Ginzametrics (YC S10) Aims To Bring Simplicity To SEO Software - rgrieselhuber
http://techcrunch.com/2010/08/20/ginzametrics-aims-to-bring-simplicity-to-seo-software/
======
OmarIsmail
Overall I really like the idea, for anybody that's done serious SEO, it's very
nice to have this kind of service. My major issue is that the pricing system
makes me extremely nervous. We're one of those sites that has a "gazillion"
keywords and when I see the price jumping from $50-$1000/month with just an
increase of a few thousand keywords it makes me think that a few hundred
thousand keywords will cost substantially more than my entire monthly revenue.

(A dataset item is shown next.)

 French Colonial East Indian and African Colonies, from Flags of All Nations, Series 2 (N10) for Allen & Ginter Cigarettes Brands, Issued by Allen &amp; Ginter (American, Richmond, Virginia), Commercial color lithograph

I think you created the pricing schedule based on your costs. The more
keywords being tracked the more "crawlers" necessary, meaning the more servers
you need and thus more cost. However, I think you need to establish a pricing
schedule based on the customer's math. i.e. something that's directly related
to revenue (most likely traffic, or maybe number of pages) so that the ROI
calculation is easier.

Right now maybe I have a few hundred thousand keywords, is that going to cost
me $100K/month? Even though 95% of them generate a small amount of traffic? So
now I'm doing a blind ROI calculation. Essentially I have to use your system
(and pay for it) before I know how much I'm going to be spending.

If you make your pricing based on something I know (# pages, monthly uniques,
pageviews, etc) I have an actual idea on how much I'm going to be paying and I
can make an intelligent decision accordingly.

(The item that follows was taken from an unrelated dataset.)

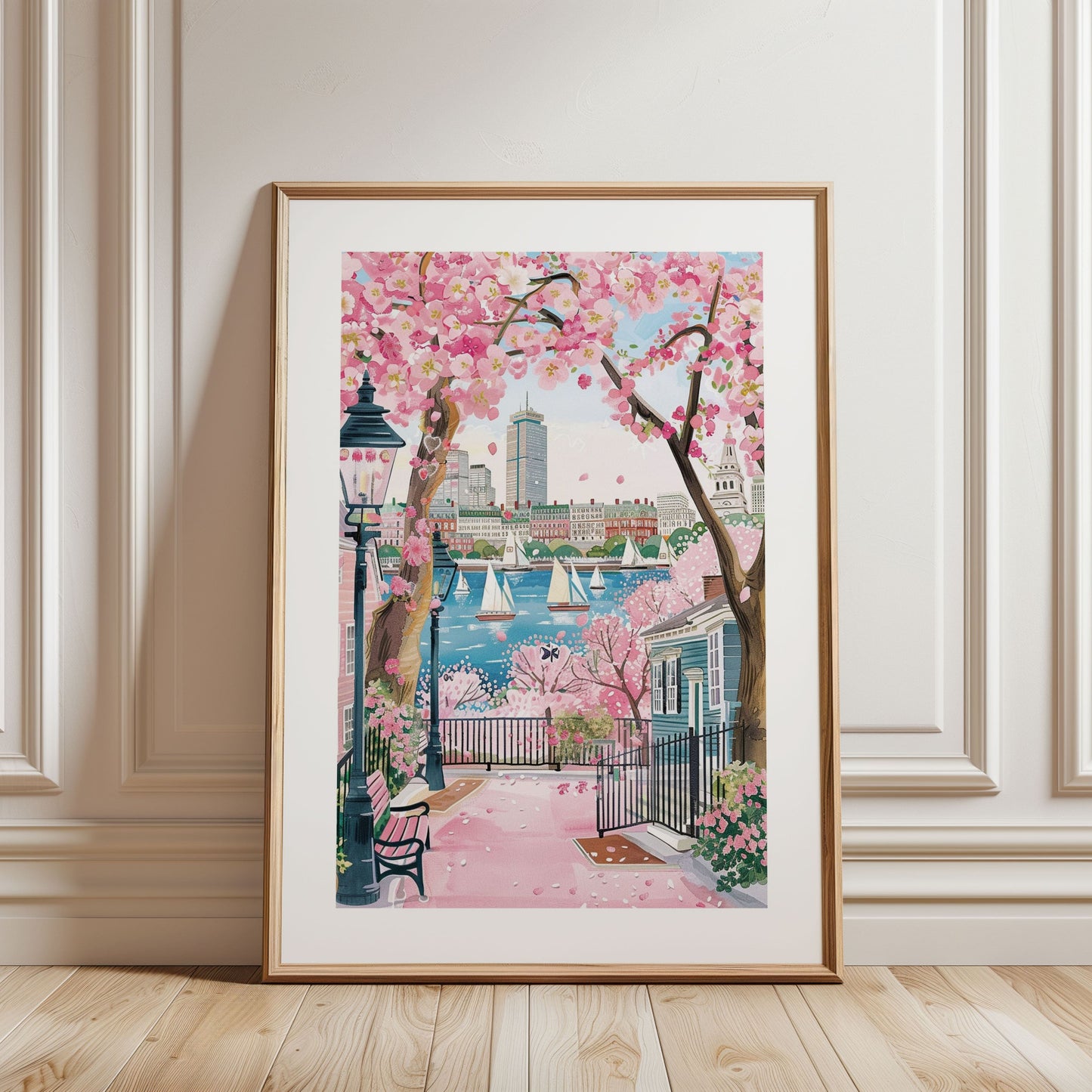 Boston Blossoming Spring Floral Rolled Poster — Floral Wall Art & Gift for Her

I guess I could use the "personal" free service to see just how many keywords
your system will find and be able to do a better calculation, but that seems a
little obtuse.

So I think the goal is to come up with a pricing structure that is easier to
calculate, and on your end not have people crush your system with too many
keywords. This can be done pretty easily I think: bucket keywords in priority
(refreshed daily, once a week, once a month, etc).

Priority is based off of a few factors: traffic and historical volatility.

In this way you can intelligently and efficiently monitor hundreds of
thousands, even millions of keywords with 1 cheap server (maybe $100/month)
and charge out 500-1000/month. In that way you're still seeing fantastic
margins, I'm getting great use out of the system, and everybody's happy.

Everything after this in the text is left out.